Not sure what other details are needed...

Thank you so much for your help!
Avatar of Rob Williams
Rob Williams
Flag of Canada image

A couple of thoughts:
Make sure on the connecting XP machine that the TCP/IP properties are pointing to your internal DNS server, and only that DNS server, i.e. not the ISP, even as an alternate.
Also if there are multiple network adapters, or a wired and wireless, disable the un-necessary ones until you have joined the domain.
Agreed... it sounds like a DNS issue.

Can you ping by computer name from the server to the client and the client to the server?
Avatar of whdev1
whdev1

ASKER

Yes I can ping both ways,
Currently the static IP of the ISP is the same as the server's IP. If what you're saying is true, why would I be able to connect to the domain from another computer?

There are no other ethernet cards, just that one, hence only one local area connection.
"Currently the static IP of the ISP is the same as the server's IP"

You should have another device between you and the ISP.  By allowing the server to get an IP from the ISP you are effectively making this server public.

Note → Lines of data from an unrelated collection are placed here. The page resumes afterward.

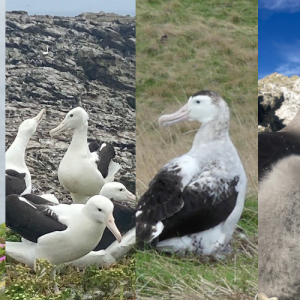 World Albatross Day Chatham Islands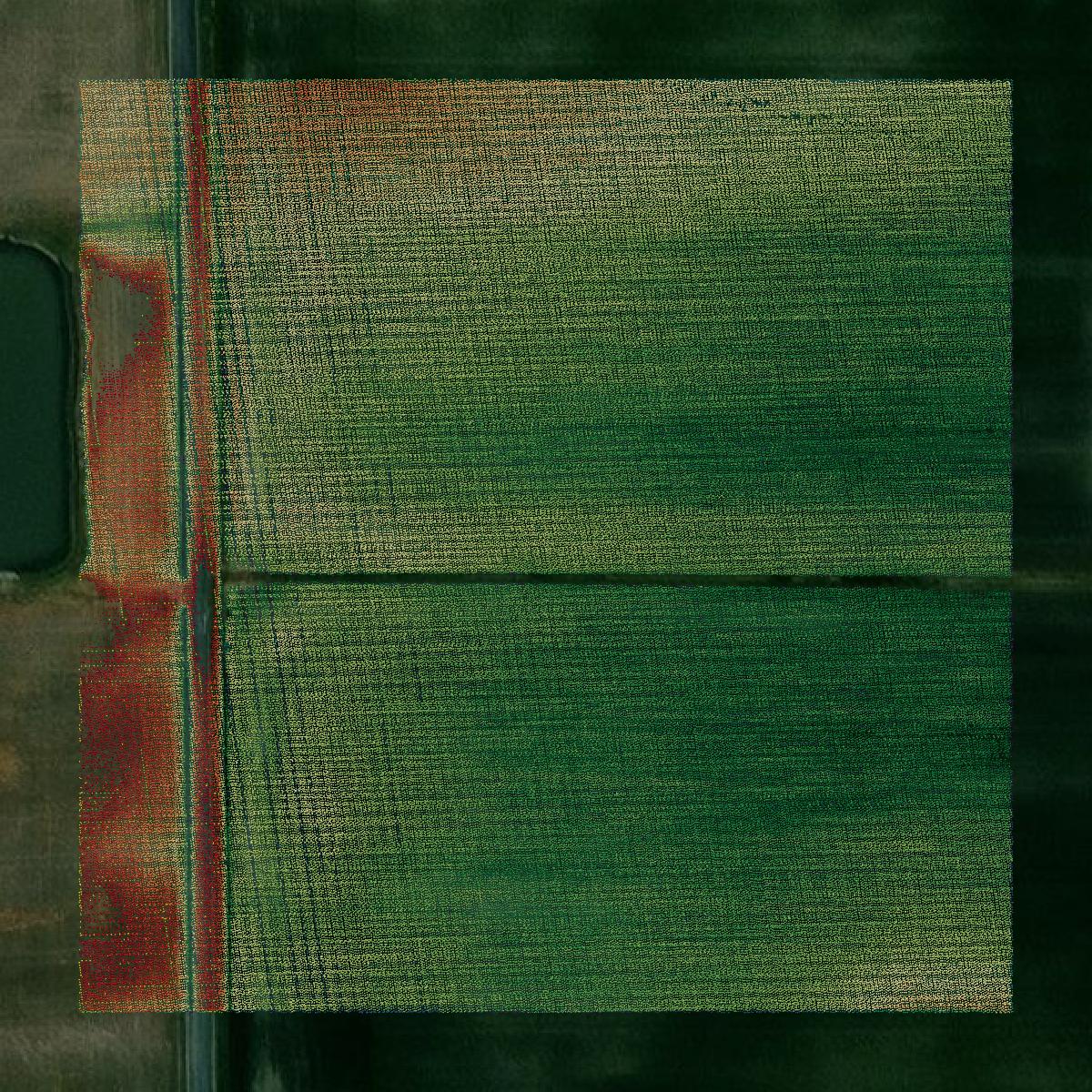 This image shows a LiDAR point cloud in Montgomery County created using GIS data in Equator.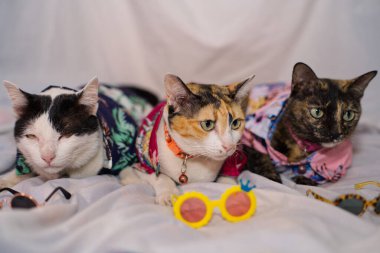 Kedi Songkran Festivali için çiçek gömleği giyiyor.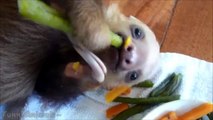Funny Sloth - Cute and Adorable Baby Sloth | Best Video 2015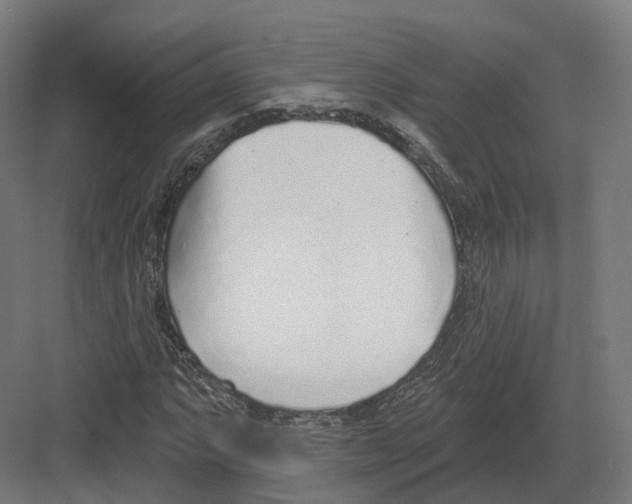 X0000082161063200702162228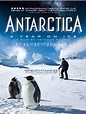 Antarctica: A Year on Ice - Filme 2013 - AdoroCinema
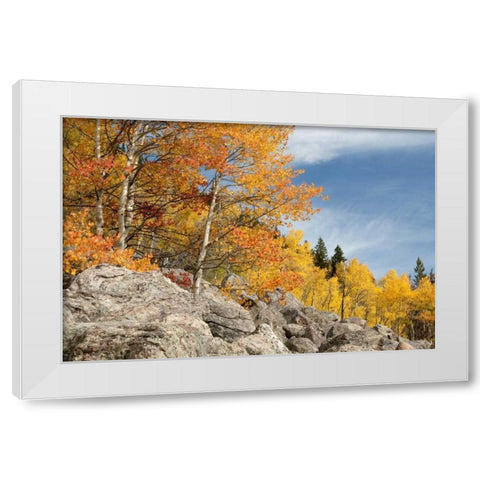 USA, Colorado, Rocky Mountain NP Autumn scenic White Modern Wood Framed Art Print by Bush, Marie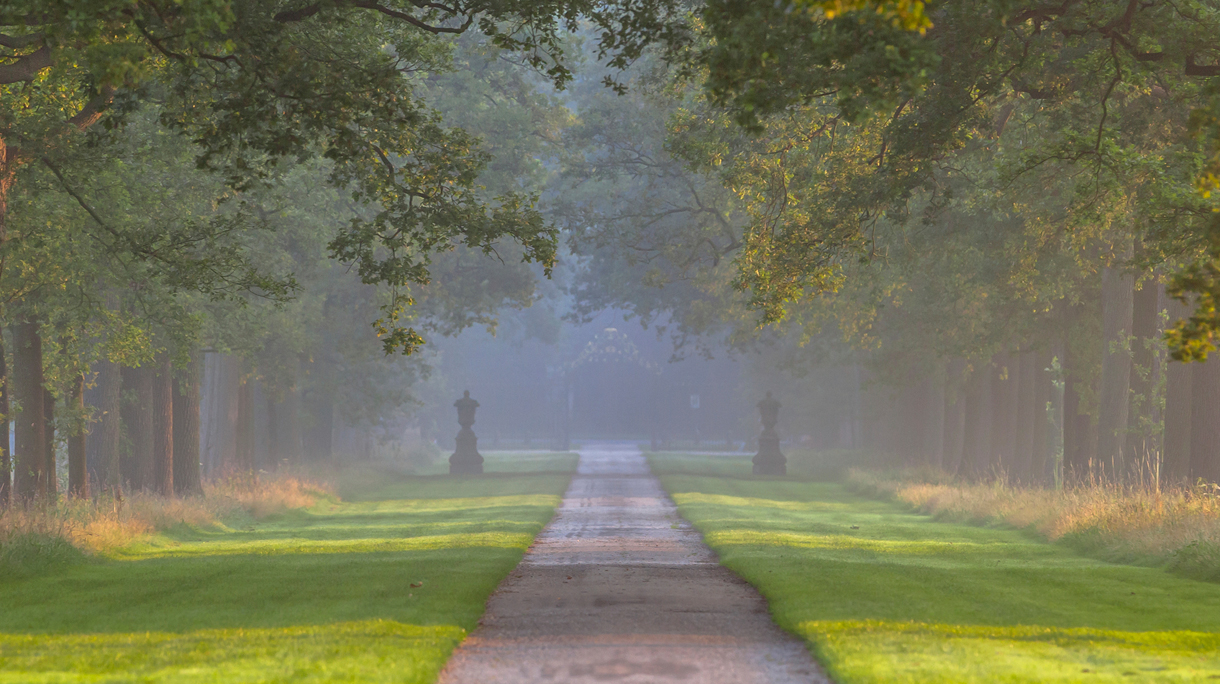 istock_89528203_medium-twente-1220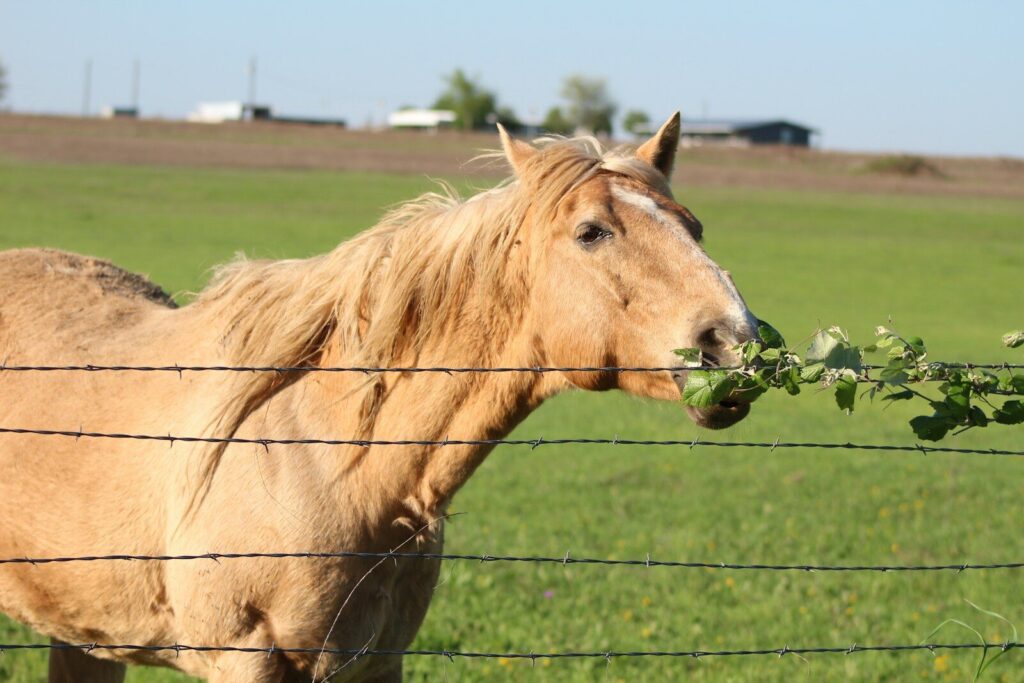 The Importance of Forage in Equine Nutrition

Either use 2 NICs (one for the ISP, one for the LAN) or place a router between the server and the ISP's modem.  Either way, your server should have a private IP and be set as a static address.

Avatar of whdev1

ASKER

netman, sorry if I miscommunicated. yes of course there is a router. What I was saying is that the server's external (public) IP is the same as the router's. The router has port forwarding which allows me to open various ports such as http, pc anywhere, etc.. The server computer has an internal IP address of 10.0.1.38

Here's a bit more info on settings:
SERVER TCP/IP settings:
Ip address: 10.0.1.38
subnet mask: 255.255.0.0
gateway: 10.0.0.1
DNS: primary 127.0.0.1, secondary is set to the DNS server provided to me by my ISP
NETBIOS setting is set to "Enable Netbios over TCP/IP"

REMOTE CLIENT SETTINGS:
IP: set to DHCP (tried also setting manually)
DNS: the public address of the server as primary, secondary is set to the DNS provided by the client ISP
NETBIOS setting is set to "Enable Netbios over TCP/IP"

Thanks again
Heres some food for thought:

If this computer belongs to a group with Group Policy enabled on the Primary DNS suffix of this computer, the string specified in Group Policy is used as the primary DNS suffix. The local setting is used only if Group Policy is disabled or unspecified. When the computer is joined to a domain that defines such a policy, you must restart the computer twice for the policy setting to take effect. After the computer is restarted the first time, the policy settings are copied to the computer from the domain. When the computer is restarted the second time, the policy settings take effect.
>>"DNS: primary 127.0.0.1, secondary is set to the DNS server provided to me by my ISP
........DNS: the public address of the server as primary, secondary is set to the DNS provided by the client ISP"

As mentioned earlier this is wrong.
Server and workstation should only point to the server itself for DNS (internal IP) and the ISP's DNS should be added as a forwarder.
As Rob already stated, set the client's DNS to the INTERNAL nic of the server.  This then assumes that DNS is servicing the internal NIC - check this from DNSMGMT.msc (properties of the server).
Also, the binding order should have the internal NIC at the top.

You also want to remove the Gateway on the server's internal NIC.  

Have you setup RRAS or are you using ISA on this server?

Avatar of whdev1

ASKER

Sorry if I ask for clarifications.. I am not a network admin & i am really new to this.

So if I understood you correctly, the client should have the server's internal IP as its DNS server (10.0.1.38). So here's what I had in my earlier msg.. Would you mind telling exactly what i need to change? Here's a bit more info on settings:
SERVER TCP/IP settings:
Ip address: 10.0.1.38
subnet mask: 255.255.0.0
gateway: 10.0.0.1   ****you're saying get rid of this? *************
DNS: primary 127.0.0.1, secondary is set to the DNS server provided to me by my ISP  *****you're saying put 10.0.1.38 as primary*************
NETBIOS setting is set to "Enable Netbios over TCP/IP"

REMOTE CLIENT SETTINGS:
IP: set to DHCP (tried also setting manually)  *****leave as is? ************
DNS: the public address of the server as primary, secondary is set to the DNS provided by the client ISP
*****you're saying put 10.0.1.38 as primary*************
NETBIOS setting is set to "Enable Netbios over TCP/IP"


you're dealing with a total newbie here ;)
Let’s start fresh.

If by any chance you are running Small Business Server, ignore the following and please advise.
I assuming you have completed the server installation, installed Active Directory and DNS.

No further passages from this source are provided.